• _SOURCE INFORMATION_:

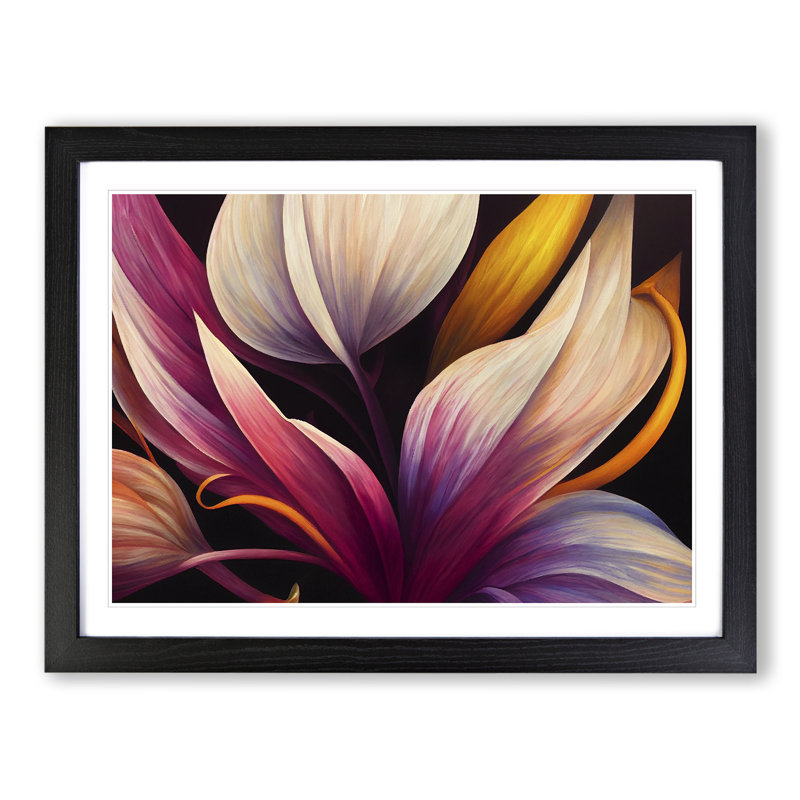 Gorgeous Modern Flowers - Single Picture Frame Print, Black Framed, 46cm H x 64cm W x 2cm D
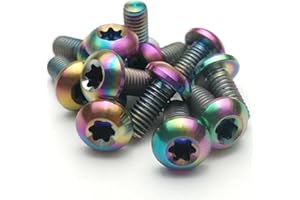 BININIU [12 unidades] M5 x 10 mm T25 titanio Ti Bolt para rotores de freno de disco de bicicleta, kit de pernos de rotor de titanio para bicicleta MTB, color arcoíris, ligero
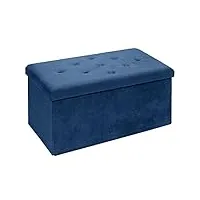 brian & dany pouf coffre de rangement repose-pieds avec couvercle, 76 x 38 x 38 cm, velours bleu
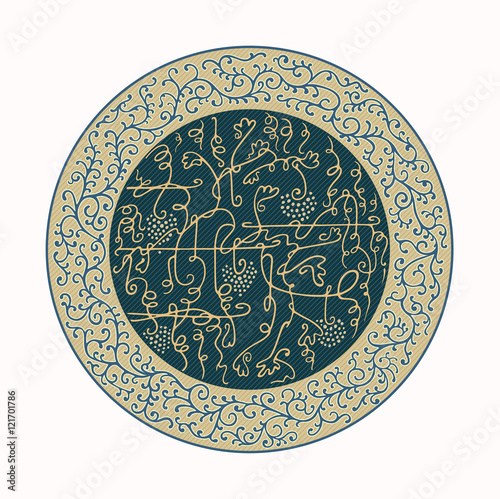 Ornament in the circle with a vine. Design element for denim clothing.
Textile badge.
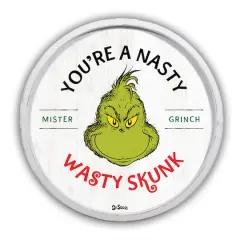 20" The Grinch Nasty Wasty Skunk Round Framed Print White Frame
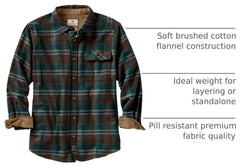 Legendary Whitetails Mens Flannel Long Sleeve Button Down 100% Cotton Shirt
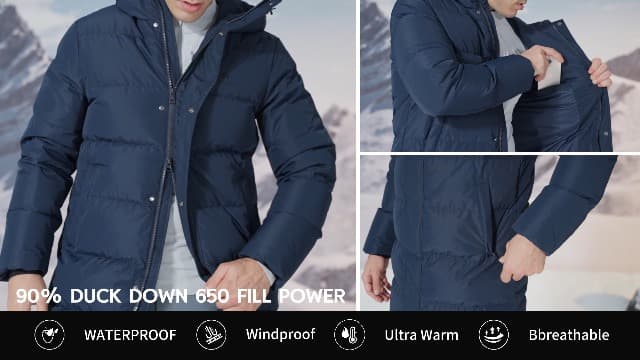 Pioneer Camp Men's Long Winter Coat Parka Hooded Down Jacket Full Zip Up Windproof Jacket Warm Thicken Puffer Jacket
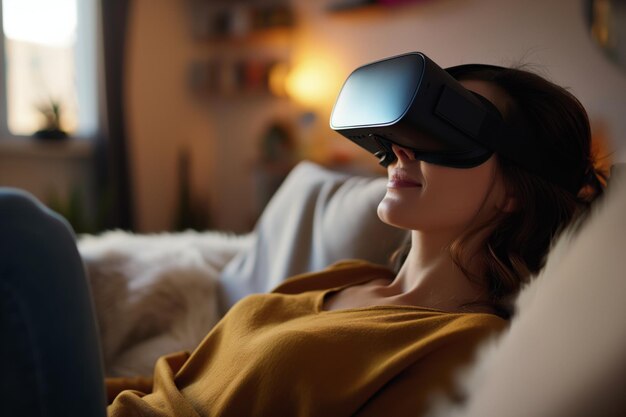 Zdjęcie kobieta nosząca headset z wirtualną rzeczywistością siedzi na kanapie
...
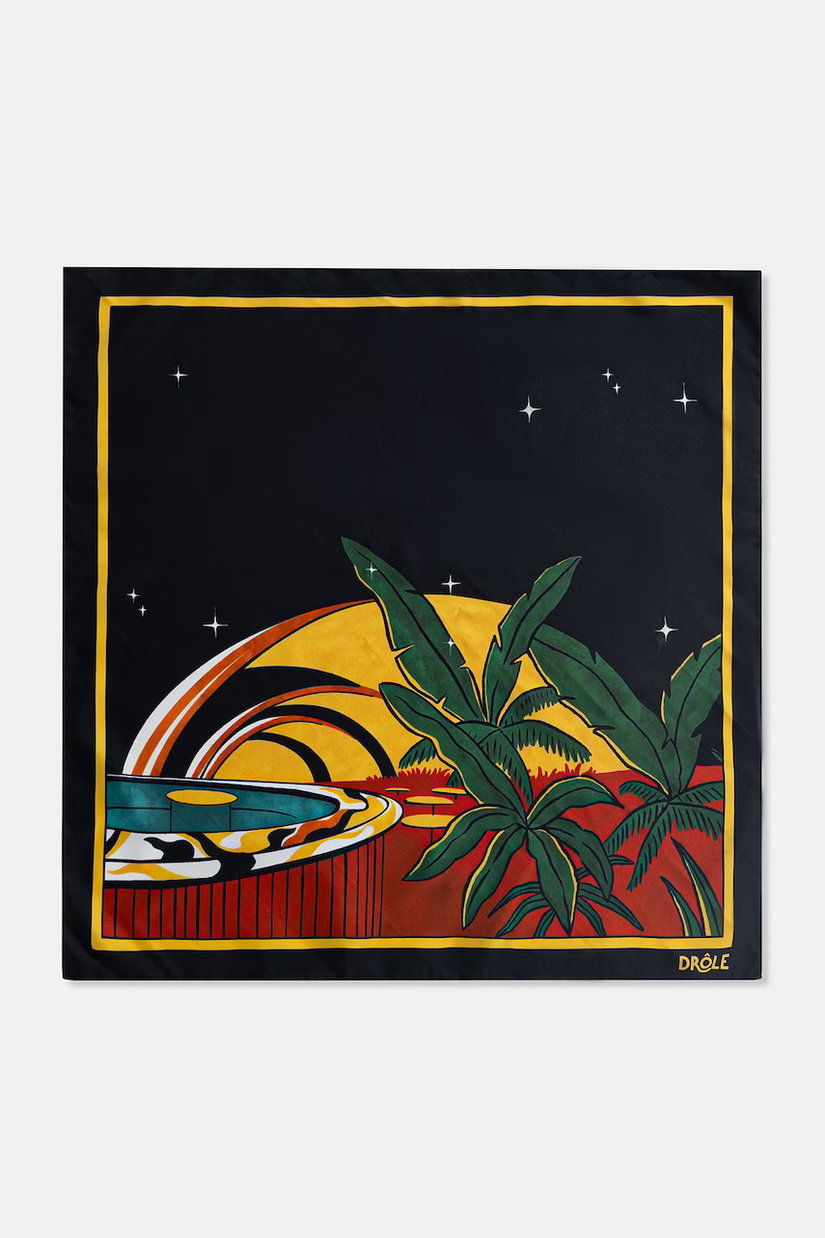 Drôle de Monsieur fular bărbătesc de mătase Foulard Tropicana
--
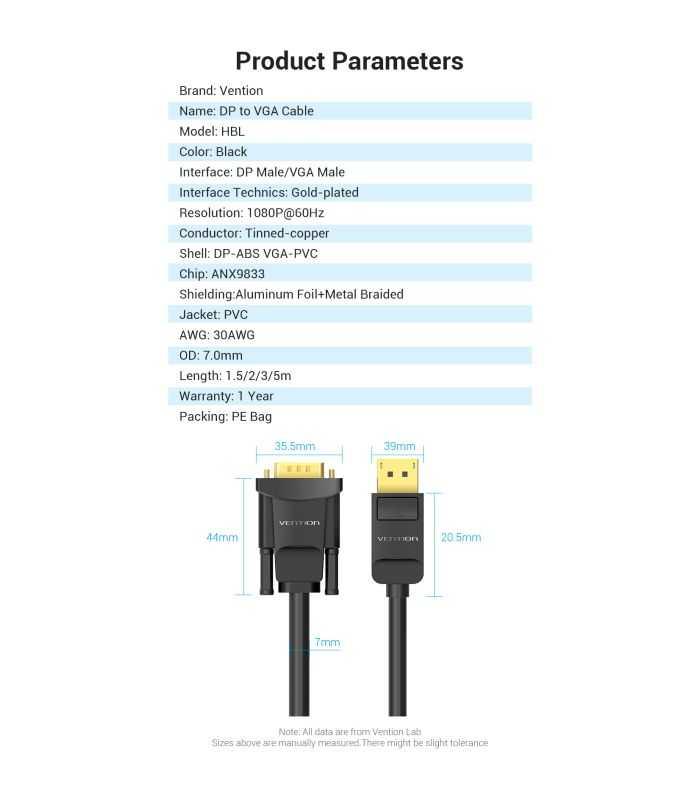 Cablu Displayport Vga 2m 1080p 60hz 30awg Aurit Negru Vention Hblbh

• _WHAT TO WORK ON_: From the listing above, please give again the lines that begin with the line holding "Textile badge." and go on through the line holding "Zdjęcie kobieta nosząca", exactly, both ends included, minus any picture.

• _YOUR RESPONSE_:
Textile badge.
 20" The Grinch Nasty Wasty Skunk Round Framed Print White Frame
 Legendary Whitetails Mens Flannel Long Sleeve Button Down 100% Cotton Shirt
 Pioneer Camp Men's Long Winter Coat Parka Hooded Down Jacket Full Zip Up Windproof Jacket Warm Thicken Puffer Jacket
 Zdjęcie kobieta nosząca headset z wirtualną rzeczywistością siedzi na kanapie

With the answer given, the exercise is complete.